Hayley Gaberlavage

I feel bad about sometimes being so behind on discovering new things around town. The work of Hayley Gaberlavage, is one of those times when I regret not learning about her sooner.


I feel bad about sometimes being so behind on discovering new things around town. The work of Hayley Gaberlavage, is one of those times when I regret not learning about her sooner.


I’ll never forget the first time I saw a photo of Hayley standing in the middle of her Magazine Street gallery/workspace. My eyes were bugging like Ren (not stumpy) while staring into what could have been confused with a Wallpaper Magazine spread from before Katrina. I was quickly able to pull focus away from her interior space and focus on the fantastically unique painted portraits that adorned her walls. I couldn’t wait to learn more about this Mies Van der Rohe loving and terribly talented artist.

It’s hard to explain the feeling and emotion that humans feel when they come across something so unique and interesting. The same reaction I had to seeing my first Elliott Erwitt urban photographs, or some of Mark Seliger’s early Rolling Stone work, was right in-line with my first interaction with Hayley’s work. To be perfectly honest, Hayley’s work in regards to photography, reminds me very much of William Eggleston’s greatest works in color photography.

I’m especially in love with her portraits. As I can imagine, most artists begin a portrait with some sort of inspiration in mind and/or in hand. Be it a photograph, or still from a film, or a distinct memory from the past. Where Hayley excels in my opinion is her ability to capture and transmit that person(s) best available expression within that moment in time. She improvs her way to imagining and locking in that moment with each stroke.

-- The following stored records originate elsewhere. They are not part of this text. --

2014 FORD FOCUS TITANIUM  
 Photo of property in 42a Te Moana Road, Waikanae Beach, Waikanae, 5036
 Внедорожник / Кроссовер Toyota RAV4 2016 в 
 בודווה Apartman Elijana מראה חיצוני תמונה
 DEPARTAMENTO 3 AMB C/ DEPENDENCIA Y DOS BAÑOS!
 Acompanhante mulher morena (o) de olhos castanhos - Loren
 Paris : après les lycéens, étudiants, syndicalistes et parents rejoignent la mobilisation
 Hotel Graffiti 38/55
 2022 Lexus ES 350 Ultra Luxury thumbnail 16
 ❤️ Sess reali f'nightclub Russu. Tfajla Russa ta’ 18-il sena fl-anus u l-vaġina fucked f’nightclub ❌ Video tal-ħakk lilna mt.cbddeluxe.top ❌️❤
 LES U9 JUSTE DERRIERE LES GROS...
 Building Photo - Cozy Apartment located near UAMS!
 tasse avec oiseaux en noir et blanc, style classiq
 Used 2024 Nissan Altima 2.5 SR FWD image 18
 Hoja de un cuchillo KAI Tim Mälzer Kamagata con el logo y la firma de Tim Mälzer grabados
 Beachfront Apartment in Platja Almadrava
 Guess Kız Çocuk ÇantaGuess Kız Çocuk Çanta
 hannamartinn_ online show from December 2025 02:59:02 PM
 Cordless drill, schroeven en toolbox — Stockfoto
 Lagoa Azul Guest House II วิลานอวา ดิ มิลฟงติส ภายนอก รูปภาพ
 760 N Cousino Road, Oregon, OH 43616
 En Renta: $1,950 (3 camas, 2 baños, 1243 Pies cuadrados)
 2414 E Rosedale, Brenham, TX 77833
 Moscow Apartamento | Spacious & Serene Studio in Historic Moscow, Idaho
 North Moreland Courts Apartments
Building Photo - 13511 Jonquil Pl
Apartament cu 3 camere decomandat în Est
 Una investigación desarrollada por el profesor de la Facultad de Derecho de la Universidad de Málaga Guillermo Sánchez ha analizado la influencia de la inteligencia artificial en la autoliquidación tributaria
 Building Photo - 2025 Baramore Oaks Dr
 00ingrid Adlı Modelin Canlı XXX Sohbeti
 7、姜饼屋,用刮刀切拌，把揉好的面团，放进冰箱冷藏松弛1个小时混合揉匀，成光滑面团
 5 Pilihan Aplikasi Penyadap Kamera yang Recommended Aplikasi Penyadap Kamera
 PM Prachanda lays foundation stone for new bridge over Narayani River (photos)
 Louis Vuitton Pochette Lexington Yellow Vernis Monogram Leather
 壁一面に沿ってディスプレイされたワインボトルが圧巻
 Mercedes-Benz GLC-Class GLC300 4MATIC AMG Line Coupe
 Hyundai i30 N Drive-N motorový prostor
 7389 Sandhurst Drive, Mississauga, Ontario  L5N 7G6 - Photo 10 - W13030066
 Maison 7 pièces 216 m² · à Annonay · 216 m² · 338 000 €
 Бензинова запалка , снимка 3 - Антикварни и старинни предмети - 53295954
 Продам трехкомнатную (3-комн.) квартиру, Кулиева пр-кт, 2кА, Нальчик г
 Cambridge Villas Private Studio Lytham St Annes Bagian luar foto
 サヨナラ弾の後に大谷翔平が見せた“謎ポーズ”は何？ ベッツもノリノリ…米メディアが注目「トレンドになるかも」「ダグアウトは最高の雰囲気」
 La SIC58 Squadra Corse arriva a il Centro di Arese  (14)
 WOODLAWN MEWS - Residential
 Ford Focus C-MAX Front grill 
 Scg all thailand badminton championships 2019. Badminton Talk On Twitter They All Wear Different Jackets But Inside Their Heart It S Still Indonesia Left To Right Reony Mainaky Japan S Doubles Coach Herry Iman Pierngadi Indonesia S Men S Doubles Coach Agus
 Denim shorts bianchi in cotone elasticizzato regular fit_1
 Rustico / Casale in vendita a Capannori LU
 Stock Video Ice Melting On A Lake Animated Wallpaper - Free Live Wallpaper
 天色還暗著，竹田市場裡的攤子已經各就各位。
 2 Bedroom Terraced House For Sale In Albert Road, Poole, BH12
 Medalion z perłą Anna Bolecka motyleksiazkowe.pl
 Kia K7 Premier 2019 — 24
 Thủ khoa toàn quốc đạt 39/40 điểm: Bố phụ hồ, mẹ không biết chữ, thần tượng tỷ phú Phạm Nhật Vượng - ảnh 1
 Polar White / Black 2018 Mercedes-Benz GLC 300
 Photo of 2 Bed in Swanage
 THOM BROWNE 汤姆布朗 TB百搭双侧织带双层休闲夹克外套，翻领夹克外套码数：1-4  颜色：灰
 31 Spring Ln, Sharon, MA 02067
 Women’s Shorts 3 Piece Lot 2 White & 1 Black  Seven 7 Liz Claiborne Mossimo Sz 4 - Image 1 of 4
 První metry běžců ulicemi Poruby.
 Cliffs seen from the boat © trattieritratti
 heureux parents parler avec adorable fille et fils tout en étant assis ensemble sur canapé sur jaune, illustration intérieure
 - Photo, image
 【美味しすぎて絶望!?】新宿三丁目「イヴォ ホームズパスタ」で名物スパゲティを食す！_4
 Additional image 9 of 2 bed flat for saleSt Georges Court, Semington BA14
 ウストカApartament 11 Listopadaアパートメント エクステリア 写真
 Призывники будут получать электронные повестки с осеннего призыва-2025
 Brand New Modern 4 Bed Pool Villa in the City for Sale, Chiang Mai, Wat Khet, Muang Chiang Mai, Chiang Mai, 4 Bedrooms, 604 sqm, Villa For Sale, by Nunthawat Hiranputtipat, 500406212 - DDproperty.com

During my visit with Hayley, while chatting about life, music, and of course mid-century furniture, I looked around and realized the one element that truly sets her work apart…it’s her calculated use of mostly solid yet perfectly contrasting backgrounds. Like many of the great portrait photographs captured in time, it’s the background to foreground separation that gives them that true to life effect. Hayley’s technique and brilliantly simple use of contrast, sends me over the moon.